On Tuesday, 7 October, Kremlin spokesman Dmitry Peskov responded to Trump in an even more tense manner: "Forget the nuances, with the Tomahawks there would be a serious escalation, because these are missiles that can also carry nuclear warheads," he stressed. However, we know that we will probably have to wait for clearer statements, if any, from Trump. Peskov then attempted to lower the tone: "We reiterate that, at the moment, we always assume that President Trump maintains the political will to promote a solution to the Ukrainian conflict through a channel of peaceful political negotiations," he added.

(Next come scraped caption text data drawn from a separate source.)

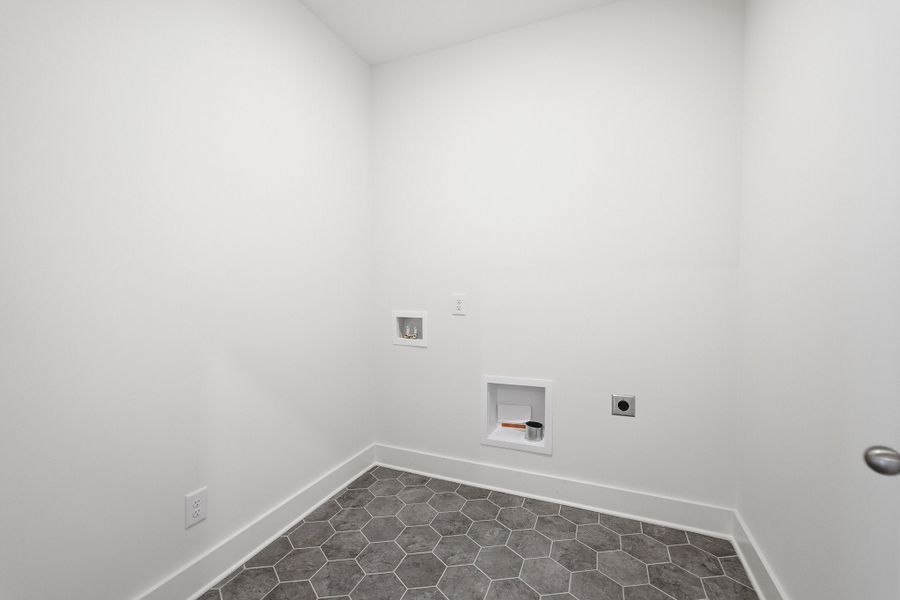 Spacious, unfurnished interior of a new home in Aden Woods, Fairview (Image 58).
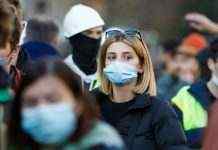 “Дія” запустила запис на тисячу за вакцинацію. В яких банках можна оформити карту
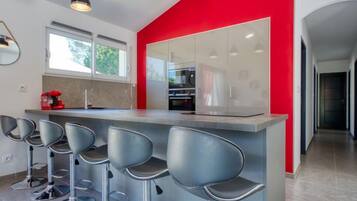 Réfrigérateur, micro-ondes, four, lave-vaisselle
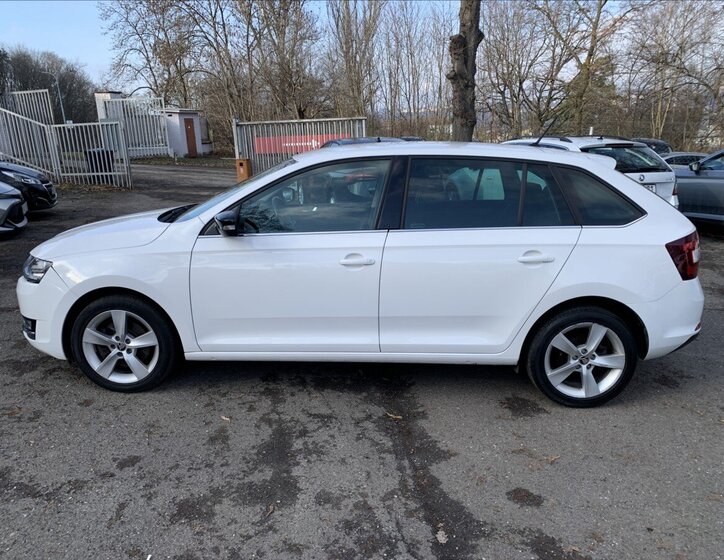 Škoda Rapid Hatchback 999,0 81 kw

For some time now, Ukrainian President Volodymyr Zelensky has been pressing for the Tomahawks that would arrive in Ukraine from the United States through purchase by European countries: these are missiles with a range of 2,500 kilometres with which Ukrainian military forces would have the potential capability of reaching targets anywhere in European Russia, including Moscow.

Ukrainian forces are intent on using long-range missiles to target Russian infrastructure, particularly those related to the processing and transportation of oil and gas, in order to undermine the activities that keep the Russian economy alive. According to rumours in the US media, the Pentagon has already provided considerable support to Kiev in identifying and reaching sensitive sites in Russia, such as refineries and pipelines. A few days ago, Ukraine claimed an attack on the Russian refinery in Orsk, near the border with Kazakhstan.

Putin has so far shown no intention of moving towards an agreement. Trump has repeatedly said he is 'deeply disappointed' by the Russian leader, with whom, at the summit in Alaska in August, he thought he had at least reached an agreement in principle on the steps to be taken. Peace now seems a long way off, while Russian forces continue to advance on Ukrainian territory and Russian drones also invade the airspace of NATO countries.

Trump, who had promised to put a swift end to the war in Ukraine, now considers sending Tomahawk missiles to Ukraine. And thus a break with Putin, definitive and high risk.